Somewhere in there we settled on two years as a good definition of
commitment. We still didn’t much care what we did (outside an
office) as long as we could establish a sustainable income within a
year but we couldn’t shake our draw to an international
adventure. We wanted to be immersed in a foreign culture for long
enough to start feeling like locals. In our world travels we had never
stayed anywhere more that a few weeks, so we craved to get ourselves
integrated enough to see what tourists never see.
The idea of going into a place employed by an external agency or
company no longer really met our criteria. If the idea was to live and
work with locals, then we really needed to establish ourselves locally.
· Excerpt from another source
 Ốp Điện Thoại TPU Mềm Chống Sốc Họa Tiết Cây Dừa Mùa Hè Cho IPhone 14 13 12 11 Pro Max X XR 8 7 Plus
Further, we should prepare for the possibility that we might actually
like it enough to stay beyond the initial two years.
This is where patriotism and cultural identity come into the
discussion. Some people seemed to be challenging our decision because
they found it inherently offensive for someone to voluntarily leave
“the greatest country on Earth.” We are very aware
travels of the advantages we’ve had being American. The fact
though, that we do not feel that the US is better in all ways than all
other countries. We were open to the possibility of finding a country
that suits us better than the US does.
Lots of questions have centered on how we could let go of our current
life. How could we leave our jobs, our house and most of all our family
and friends? Really, this part is just like moving across the country;
any voluntary move has these same issues to greater or lesser degrees.
We had already moved from California to New Mexico, and we were able to
stay connected to our close loved ones and to establish a new
community. Certainly migration might take us much further away than we
currently were from our families, but never more than a day or two by
plane. And in a way, a key part of the adventure was that big, scary
upheaval of going far away.
Fully understanding our criteria for a satisfying adventure means the
difference between a success and a potential disaster. This is
particularly true for a couple deciding together, though we have
watched individuals end up thoroughly disappointed by not picking the
right adventure. We
ended up validating our criteria when we took
a long trip to Alaska before we moved. It was an amazing trip, but
throughout we were restless to get on to our “real”
adventure. As we had realized, that kind of trip, even with glaciers
and bears and the midnight sun, wasn’t big enough.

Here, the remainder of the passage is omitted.